Surface - On Tuesday (5/14) all eyes were on the New Zealand gale and subsequent fetch generated by it (see New Zealand Gale below). Over the next 72 hours the third pulse of this system is to develop with a small fetch tracking from New Zealand northeast. It started Tuesday AM (5/14) with a small fetch of 45 kt southwest winds indicated producing 30 ft seas at 53S 176E (195 degs HI, 214 degs SCal shadowed, 213 degs NCal unshadowed by Tahiti). In the evening 40-45 kt southwest fetch is to race east generating a modest sized area of 32 ft seas at 48S 168W (187 degs HI, 211 degs SCal and shadowed, 209 degs NCal and shadowed). Fetch is to be rapidly fading Wed AM (5/15) with 40 kts fetch fading and seas 28-30 ft over a broad area at 45S 155W (179 degs HI, 205 degs SCal and partially shadowed, 203 degs NCal partially shadowed). One more pocket of 45 kts west winds are to be building again off new Zealand. By evening the last patch of seas are to be 32 ft at 47S 160W (182 degs HI, 207 degs SCal shadowed, 205 degs NCal and shadowed). No additional fetch is forecast. More modest swell is to be generated pushing northeast.
New Zealand Gale - Swell #1S
On Thursday AM (5/9) a modest gale started to develop while tracking under New Zealand moving into an upper level trough producing an area of 45 kt southwest winds down at the surface and seas building from 28 ft at 58S 172E. The Jason-1 satellite passed over the southern flank of this gale at 18Z and confirmed seas at 31.1 ft with one readying to 37.4 ft where the model suggested 30 ft seas. The model was under calling it some. Thurs PM the gale tracked northeast with fetch building to the north pushing up into the South Pacific with winds 45-50 kts southeast of New Zealand targeting Hawaii and seas to 37 ft at 54S 177E (39 ft at 06Z at 51S 179W - 189 degs HI, 212 degs NCal, 213 SCal and shadowed by Tahiti).
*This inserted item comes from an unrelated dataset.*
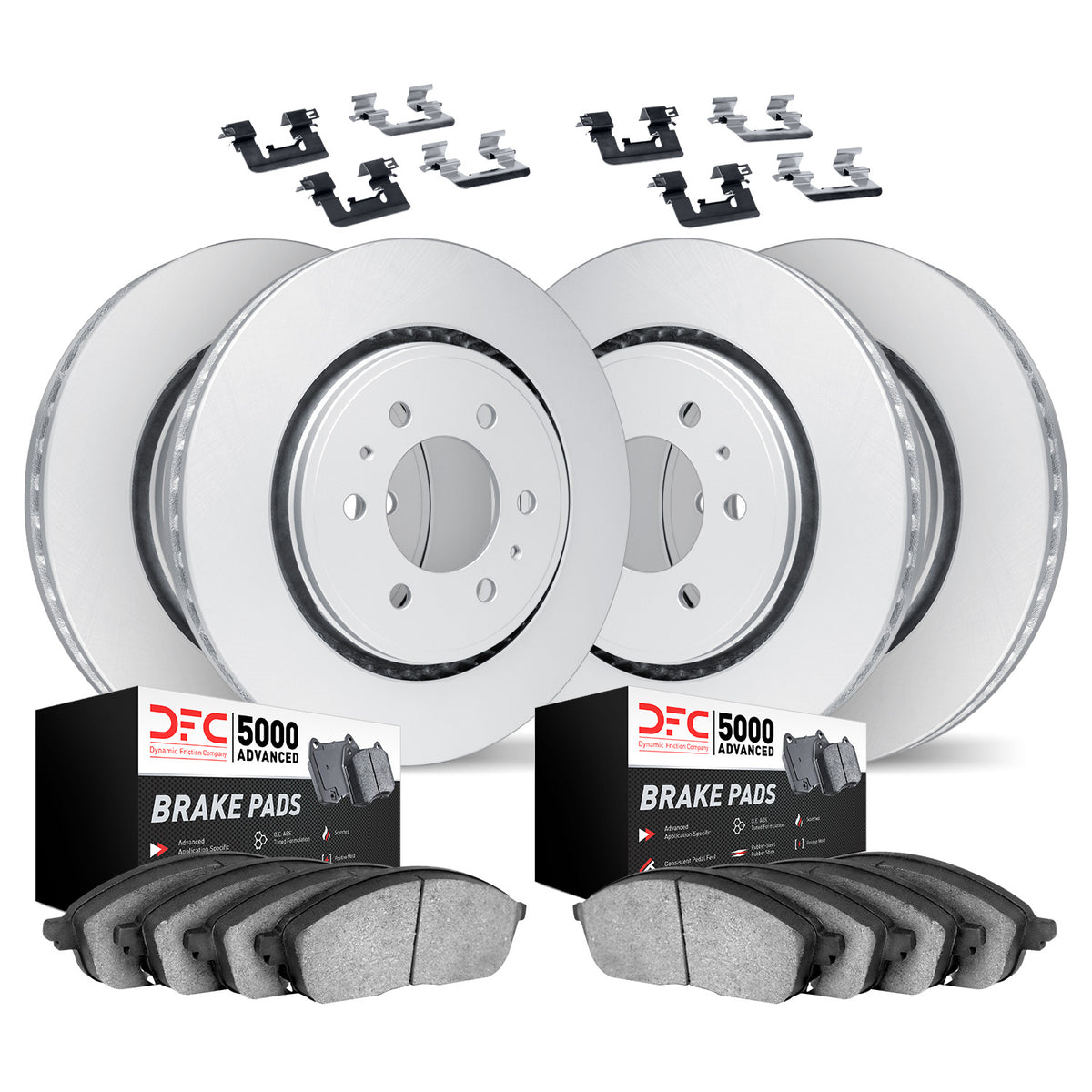 4514-67036 DFC Geospec Rotors with 5000 Advanced Brake Pads includes Hardware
Additional 45 kt pure southerly winds held while lifting north Fri AM (5/10) generating more 36 ft seas at 51S 175W. The Jason-1 satellite passed over the northern side of the fetch and reported seas 31.5 ft with one reading to 36.7 ft where the model indicated 34-36 ft seas. Looks like the model was over hyping it some. Also the model reported 38 ft seas at 18Z at 51S 173W (189 degs HI, 209 degs NCal and shadowed, 212 SCal and shadowed). A broad fetch of 35-40 kt southerly winds held in the evening with 36 ft seas lifting north at 48S 168W (187 degs HI, 209 degs NCal and shadowed, 211 SCal and shadowed).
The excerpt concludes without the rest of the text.